Vaughan could hear screams and explosions nearby Thursday as she and her husband got in their car and drove away. But they soon found themselves trapped with other evacuees in standstill traffic.
The Camp Fire
was closing in.
“The flames were whipping and spreading so fast,” Vaughan told CNN. “It began to jump the road. There wasn’t anywhere to go.”
People began to panic, Vaughan said. In the chaos, one driver backed up and slammed the front of Vaughan’s SUV.
Motorists began abandoning their cars, fleeing on foot with their children in tow.
“There were no firefighters in sight,” Vaughan wrote on Facebook. “I am hoping all of these people made it out.”
Similar scenes played out in other communities this week as a trio of wildfires raged across the Golden State
The most devastating is believed to be the Camp Fire, which by Friday morning had grown to 90,000 acres and was encroaching on the city of Chico, according to the California Department of Forestry and Fire Protection, known as a Cal Fire.

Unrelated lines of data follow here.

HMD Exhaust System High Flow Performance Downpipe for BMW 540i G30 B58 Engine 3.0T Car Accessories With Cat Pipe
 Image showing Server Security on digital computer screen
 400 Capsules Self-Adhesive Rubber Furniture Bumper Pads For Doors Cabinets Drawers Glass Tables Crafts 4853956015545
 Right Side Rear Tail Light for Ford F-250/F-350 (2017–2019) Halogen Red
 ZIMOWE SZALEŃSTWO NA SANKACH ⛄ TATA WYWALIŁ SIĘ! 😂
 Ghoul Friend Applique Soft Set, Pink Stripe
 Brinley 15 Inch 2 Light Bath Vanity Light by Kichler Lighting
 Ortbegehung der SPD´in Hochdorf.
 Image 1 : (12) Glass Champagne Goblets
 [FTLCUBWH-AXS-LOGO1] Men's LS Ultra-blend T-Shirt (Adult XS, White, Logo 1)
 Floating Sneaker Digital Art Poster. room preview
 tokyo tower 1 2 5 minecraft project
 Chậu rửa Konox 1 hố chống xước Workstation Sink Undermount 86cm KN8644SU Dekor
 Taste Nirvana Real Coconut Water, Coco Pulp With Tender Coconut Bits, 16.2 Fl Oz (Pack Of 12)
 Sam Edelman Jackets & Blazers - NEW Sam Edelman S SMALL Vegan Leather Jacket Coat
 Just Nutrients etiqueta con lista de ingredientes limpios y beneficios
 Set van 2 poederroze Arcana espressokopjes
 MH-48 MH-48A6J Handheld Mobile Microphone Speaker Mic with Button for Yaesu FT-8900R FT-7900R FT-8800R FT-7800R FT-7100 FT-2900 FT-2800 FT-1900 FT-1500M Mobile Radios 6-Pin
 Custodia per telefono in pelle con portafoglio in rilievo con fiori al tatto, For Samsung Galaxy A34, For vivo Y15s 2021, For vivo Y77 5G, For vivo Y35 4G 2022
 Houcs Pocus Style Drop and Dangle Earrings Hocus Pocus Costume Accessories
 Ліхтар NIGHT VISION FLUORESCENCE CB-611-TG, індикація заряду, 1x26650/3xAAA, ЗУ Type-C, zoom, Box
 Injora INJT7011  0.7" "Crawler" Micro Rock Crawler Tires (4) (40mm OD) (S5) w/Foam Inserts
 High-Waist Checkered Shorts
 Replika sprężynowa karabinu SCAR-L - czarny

The fire has left nine people dead, the Butte County Sheriff’s Office said Friday. Four people were found dead in vehicles that were overcome by flames and and one body was discovered near the vehicles. The other victims were found near or inside homes that burned.
Those killed in the vehicles weren’t far from where Vaughan and her husband found themselves trapped.
The blaze broke out early Thursday and has grown at an astonishing rate of 80 football fields per minute
. It charred 20,000 acres Thursday in less than 14 hours and has burned an area larger than Manhattan, according to CNN meteorologists.
Fueled by high winds and low humidity, the fire has placed millions of people under red flag warnings. Paradise Mayor Jody Jones said 80 to 90% of homes in residential neighborhoods are gone following the Camp Fire. Jones said she drove into Paradise on Friday with a fire official and two council members to assess the damage.